According to BMI’s latest Brazil Petrochemicals Report, the Brazilian petrochemical industry is being
adversely affected by the global economic crisis, with capacity utilisation rates set to plummet to 60% in
2009 and planned investment projects likely to be delayed by 12-18 months. However, consolidation by
Brazilian producers in 2008 should ensure their survival through the country’s worst economic downturn
since the financial crisis of 1998, with some even planning an increase in investment over the next five
years.
The fall in both external and domestic consumer demand will have a serious impact on industries that are
key consumers of plastics, particularly the automotive sector, which saw output halve in December. This
is leading to a review of petrochemicals capacity additions. In an announcement in February, Dow
Chemical has pushed back its planned US$1bn PE plant based on sugarcane-derived ethanol, with
capacity of 350,000tpa of LLDPE by one year, to 2012. This is in line with BMI’s belief that construction
projects that have yet to begin, or are just starting, may be delayed by 12-18 months. As such, these
factors do not change our forecasts.
Petrobras has said it will invest a total of US$5.6bn in petrochemicals over the 2009-2013 period, a 30%
increase on a previous plan calling for investments of US$4.3bn during the 2008-2012 period. The
company said the revision was intended to take into account the changes in the international
macroeconomic scenario and its impact on oil and oil products. Petrobras has committed itself to the
US$9.8bn Comperj complex, which includes a 1mn tpa ethylene unit and downstream plants. The project
is also set to raise ethylene capacity by 1.3mn tpa by 2013. A second phase of derivative plants is set for
completion in 2013, including 600,000tpa of ethylene glycol, 800,000tpa of PE, 850,000tpa of PP,
500,000tpa of PTA and 600,000tpa of PET. Nevertheless, if it is completed on time, by 2012 Brazil’s PE
capacity should reach just under 3.10mn tpa, while PP capacity should reach 3.45mn tpa and PVC
capacity 1.05mn tpa.

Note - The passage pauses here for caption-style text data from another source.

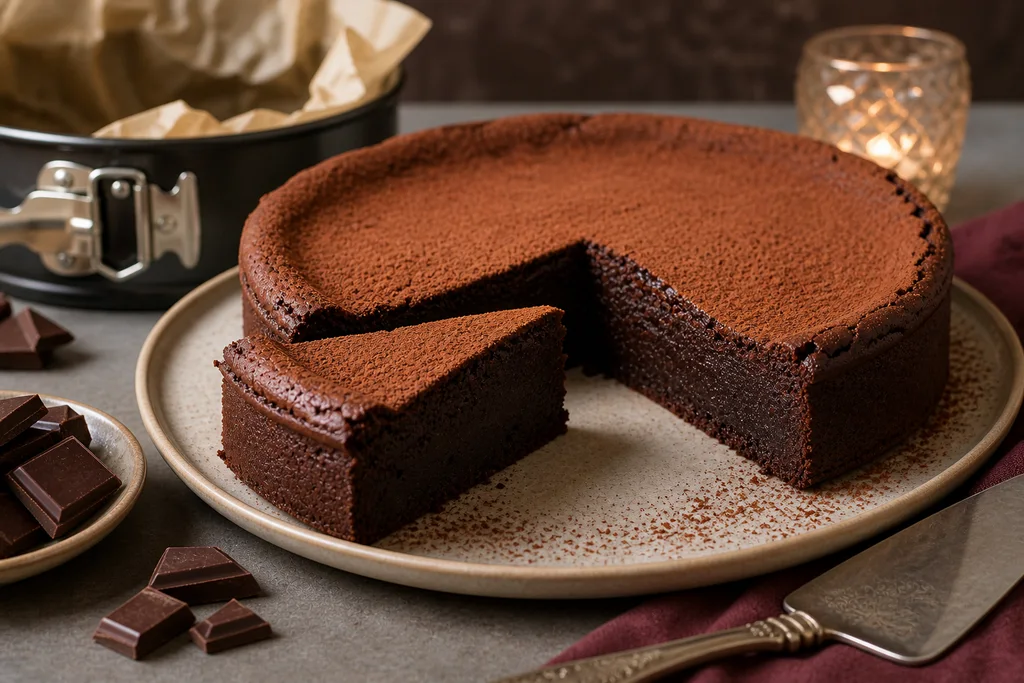 Sliced gluten-free chocolate torte dusted with cocoa powder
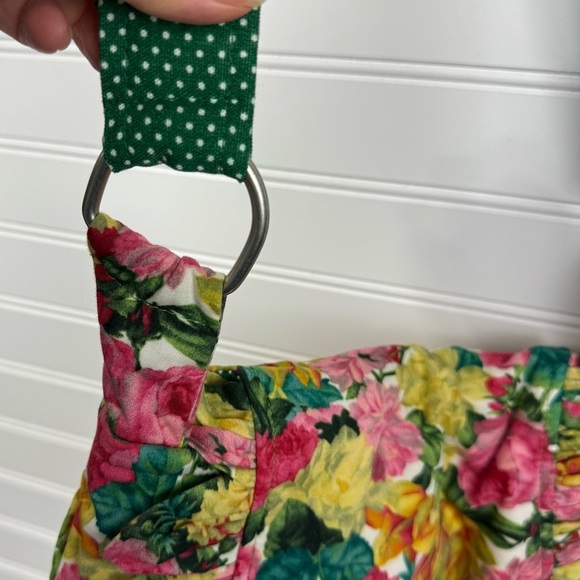 Floral & green polka dot cloth crossbody handmade purse. One size. - Picture 4 of 9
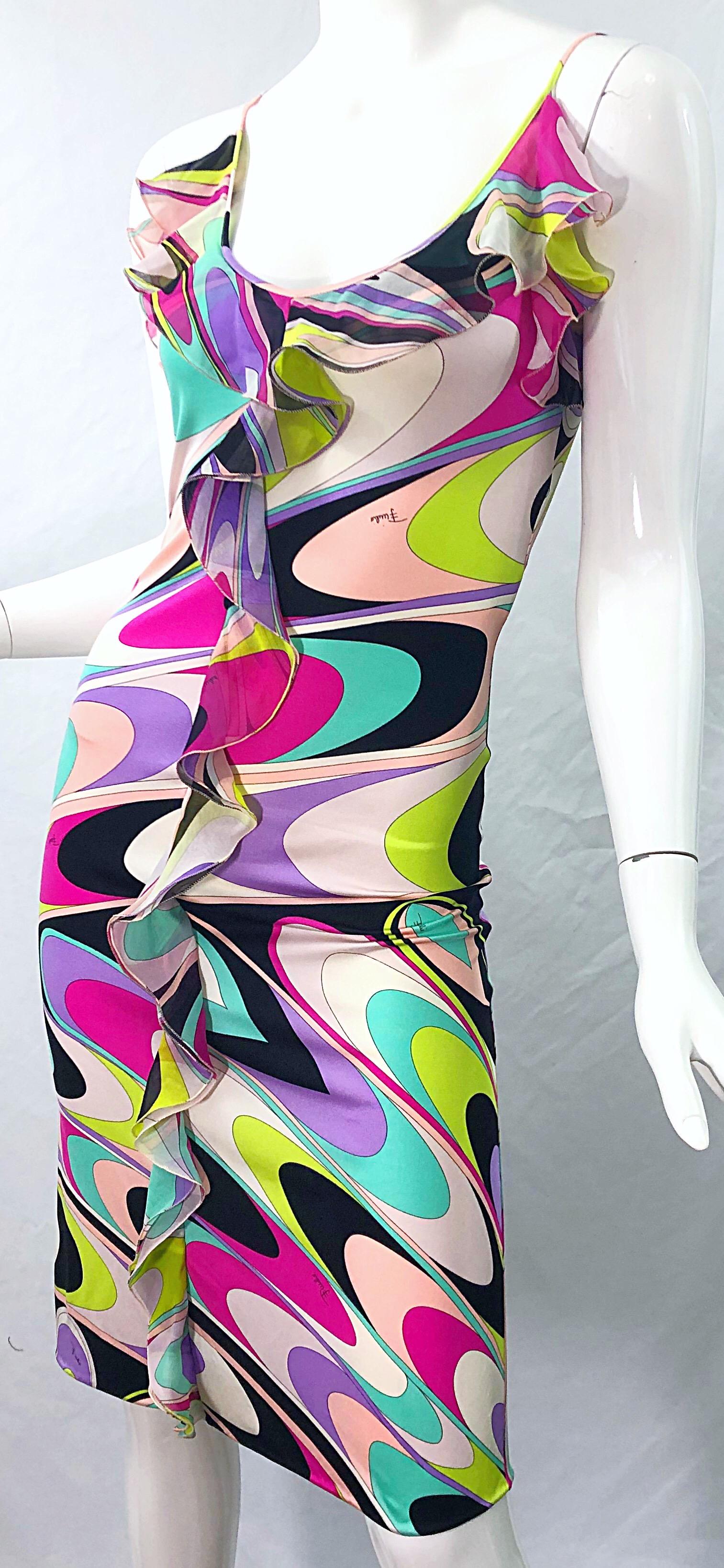 1990s Emilio Pucci Size 8 Silk Jersey Kaleidoscope Print Colorful Vintage Dress 5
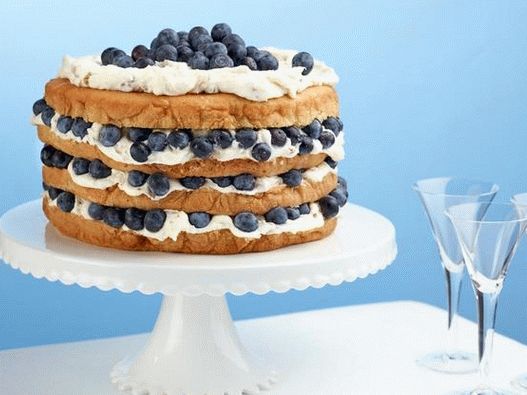 Photo du plat - Gâteau italien à la crème de noix de coco et aux myrtilles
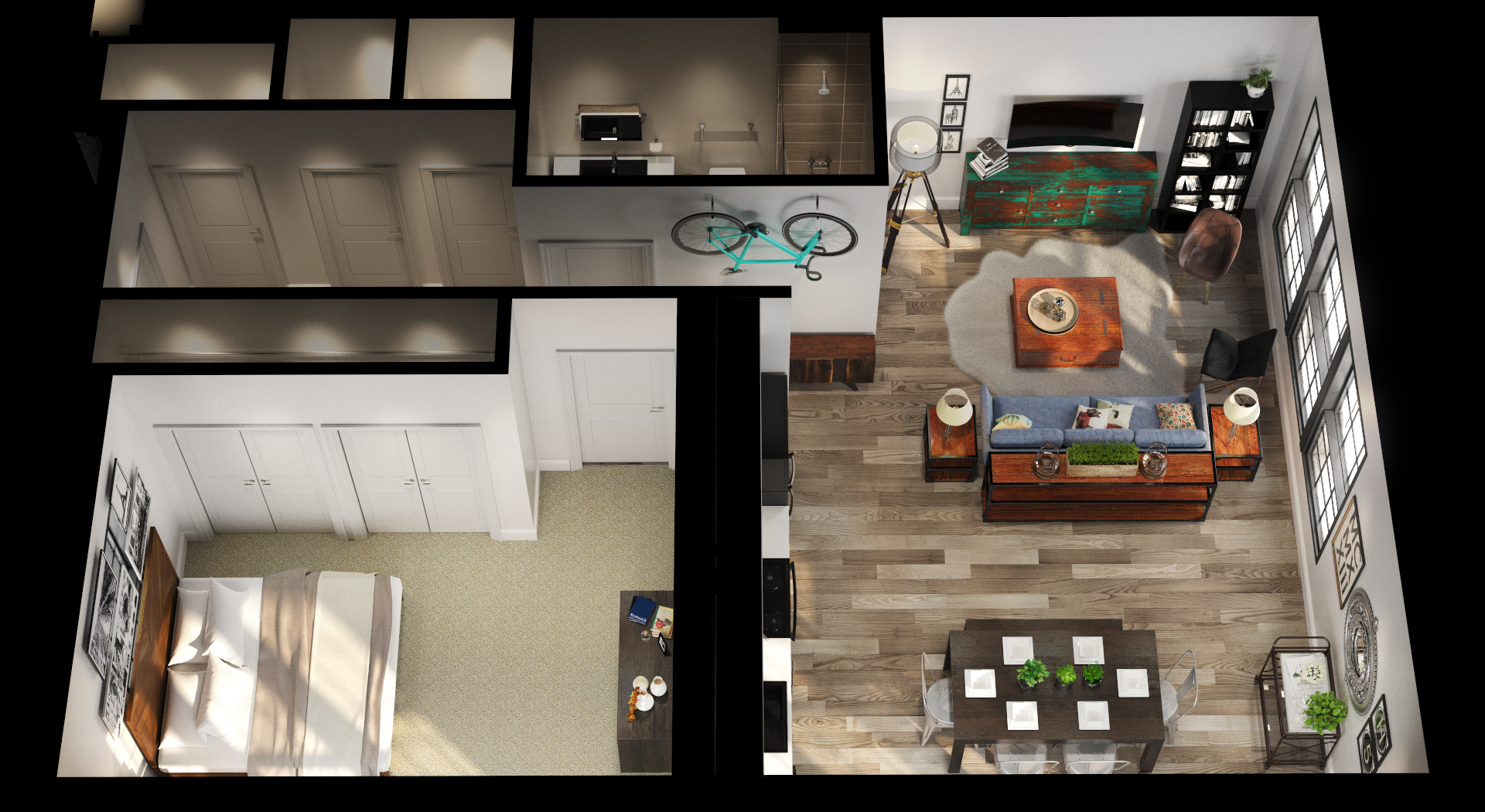 Floor plan for 1 bed, 1 bath, 876 sqft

If the planned second phase of Comperj is completed in 2012, polyolefins output
would exceed 9mn tpa, making Brazil self-sufficient in thermoplastic resins and giving it an exportable
surplus of at least 3.5mn tpa.
Brazil places third in BMI’s Americas Petrochemical Business Environment Rankings with a composite
score of 64.1 points. Brazil is 5.7 points ahead of Mexico and 16.9 points behind Canada. While it has a
relatively large petrochemicals industry, Brazil’s score is weighed down by a higher level of risk than
most other countries in the region, with its long-term financial market risk a notable cause of concern.